You’re a grown-man. You should know how to dress. If you don’t know how to dress, you’re going to have problems with some of the more complicated parts of being the Best-Man. However, if you’re really that clueless, get your mother to dress you. Or, just follow our tips.
- Is the groom wearing a suit? Wear a suit
- Is the groom wearing a tie? Wear a tie. Or, you could wear a bow-tie. Check with the groom. Regardless, spinning/light-up ties are never acceptable, unless you’re a clown at parties for children. Even if you are, keep your job away from the wedding
- What are the other men wearing? There can only be one Best Man, but that doesn’t mean you have to stand out.
- Black suit, white shirt and a black tie always works well
- No flip-flops. Even for beach weddings, if the groom manages to wear proper shoes, your feet must also sweat and suffer. Follow the man-code, don’t let him walk alone.
- Socks? Always. Multi-coloured socks? Never
- Should you wear a kilt? Tough one. Are you Scottish? Is the groom Scottish, and wearing a kilt? If the answer to these two questions is yes, then go ahead. If not? Best be on the safe side and say no. Regardless, no flashing at weddings – no-one wants to find out if the rumours are true
How to start?
- With something to make the audience laugh, of course!
- You can introduce yourself, but try not to talk about yourself too much.
- Explain how you and the groom met, then link it to modern day
- Compliment the bride on how wonderful she looks
- Say how fantastic the venue is
- Note the historical significance of the date – even if it’s something completely irrelevant, such as the day the lightbulb was invented (December 31, 1879, by the way). Try and keep it light-hearted, no air-crash disasters and the such
- Compliment the bride – it’s her big day, and she deserves to be called beautiful
- Compliment the groom – it’s his big day too
- Poke-fun at the groom – but not too much. You don’t want the bride to start having second-thoughts…
- Make jokes
- Make it personal – but not too personal.

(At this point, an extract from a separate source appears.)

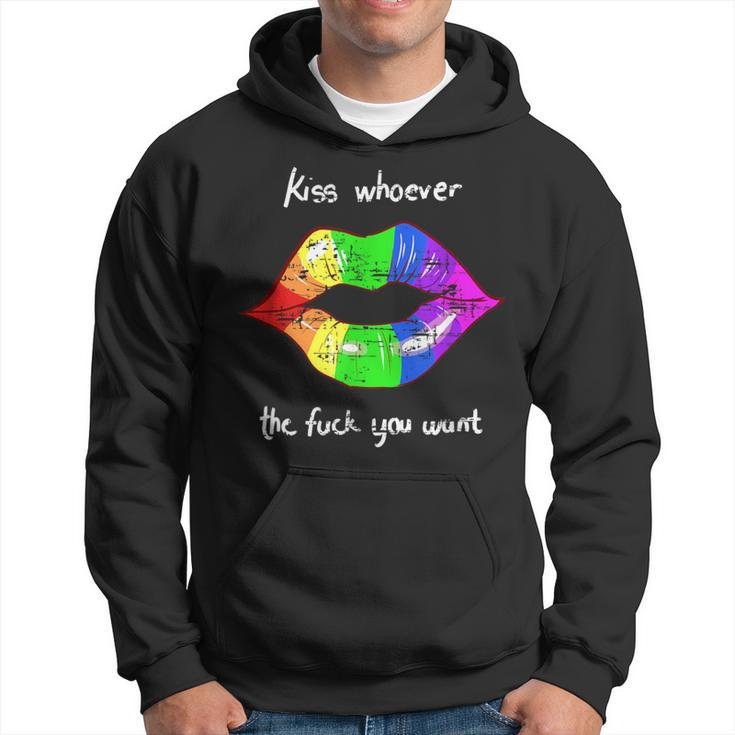 Kiss Whoever The Fuck You Want Vintage Lgbt Rainbow Hoodie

People need to understand what you’re suggesting
- Make-fun of yourself, but don’t let it get you down
- Prepare cards to remember what you’re saying
- Plan the speech – you have an important role, make sure everyone knows you’re the right one to do it
- Thank everyone for attending
- Make it relatively child-friendly if there are children present
- Add some jokes for the adults
- Mention those who helped make it a special day for all
- Mention those who could not be there, and how proud they would be of the couple
- You can be funny and not be obscene
- Refer to previous partners
- Make the speech too much about yourself
- Include too many confusing personal anecdotes
- Criticise the bride, family of the bride or family of the groom
- Make it too long – 5-7 minutes is just right!
- Get too drunk before the speech. You need to be respectable and understandable. Weddings are sophisticated, but after-parties are where the drinks flow freely
- Give too many compliments – you’re meant to look natural
- Look at your notecards all the time
- Speak to the audience, not simply the bride and groom. Sure, keep focus on them in the personal parts, but like any good stand-up comedian, the audience is who you really need to impress
- Sing an entire song. It’ll take too long, and chances are there will already be a musician there who can do a better job than you. Of course, the exception to this rule is rapping the entire speech, like the link shows. https://www.youtube.com/watch?v=0xow-aK9KGs
- Bring an escort. A paid-for plus-one is not required
- Rush or mumble
- Make flirty comments towards the bride… that’s just awkward
- Turn into a blubbering mess and cry
- Make racist/homophobic/sexist comments
How to end
Always end on a strong-point. These are a few tips how:
- Evoke mass laughter from the crowds
- Become serious and say something meaningful – it’s time to make the guests go ‘awh’
- Show you are optimistic about the future for the happy couple
Remember to keep the speech light-hearted and funny, yet respectable and enjoyable for all. Don’t offend anyone, and make sure to keep the humour-sentiment balance equal. Enjoy yourself – being at a wedding is meant to be fun, not a chore. Good luck!